Their concern is that MSBT helped both Mayor Jim Reynolds and Ridgeway to negotiate a deal to buy Eagle Water with private entities without bringing up the right of first refusal agreement that MSBT attorneys Buxton and Smith wrote in 2008.
“Those meetings with those companies should have never happened, because we had a first right of refusal,” Ridgeway told the Statesman. “I went down the same road that my attorney and predecessor had gone down. The people that drafted (the right of first refusal) never brought it up to us, and they were our legal advisers.”

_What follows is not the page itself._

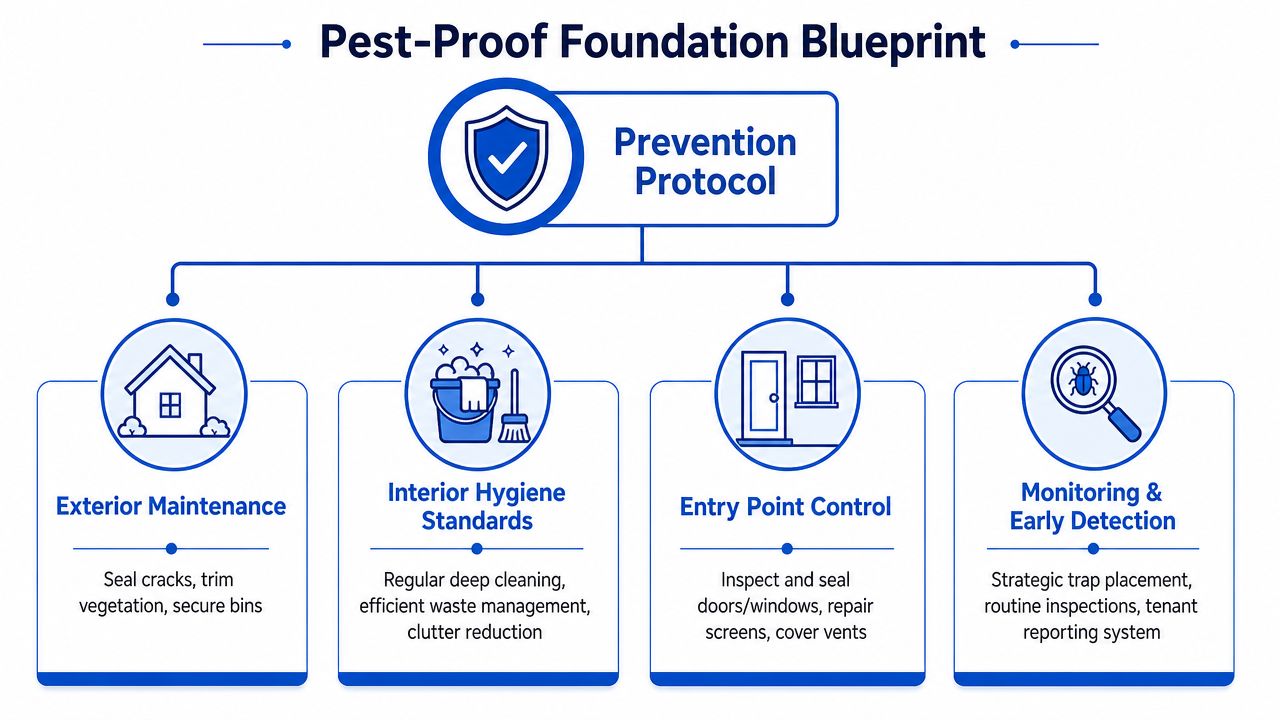 A diagram titled Pest-Proof Foundation Blueprint showing four main strategies for effective pest control management in buildings.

MSBT sent a rotating cast of lawyers to work with the city over the last decade. Buxton left the firm in 2016 to take a job leading the Idaho Department of Human Resources. McLain was the city’s most recent lawyer, and records show her involvement as early as Reynolds’ negotiations with Maurice Gallarda of Pluris, the Dallas water firm.
“In a city where there’s elections, where engineers and attorneys remain constant, they should be advising you on what’s taken place in the past,” Ridgeway said.
In a phone interview with the Statesman, McLain said she was confused about the city’s “ignorance” of the 2008 inter-tie agreement.
“For city officials to claim they didn’t know about it is very interesting,” she said. “It was an approved agreement — it was signed by the city at that time.”
She declined to comment on Ridgeway’s allegations that MSBT attorneys did not bring up the inter-tie agreement. “Those conversations aren’t something I can disclose,” she said, citing attorney-client privilege.
The city is now working with law firm Holland and Hart on its lawsuit against Eagle Water.
DeShazo sends a letter about the mayoral race
On Oct. 21, DeShazo sent a letter to Eagle Water customers, saying the city had “spent hundreds of thousands of dollars on legal expenses and against the advice of our city attorneys” and that the “mayor and council and refused their guidance and began action with another firm.”
In a statement released Oct. 29, Ridgeway denied that MSBT advised against suing Eagle Water.
Mark Waterman, DeShazo’s longtime friend, alleges that while he believes the content of the letter reflects DeShazo’s opinions on the lawsuit, he may not have written the letter himself.
“He wouldn’t speak like that,” Waterman said. “Somebody crafted that letter for him.”
DeShazo did not respond to multiple calls and voice messages.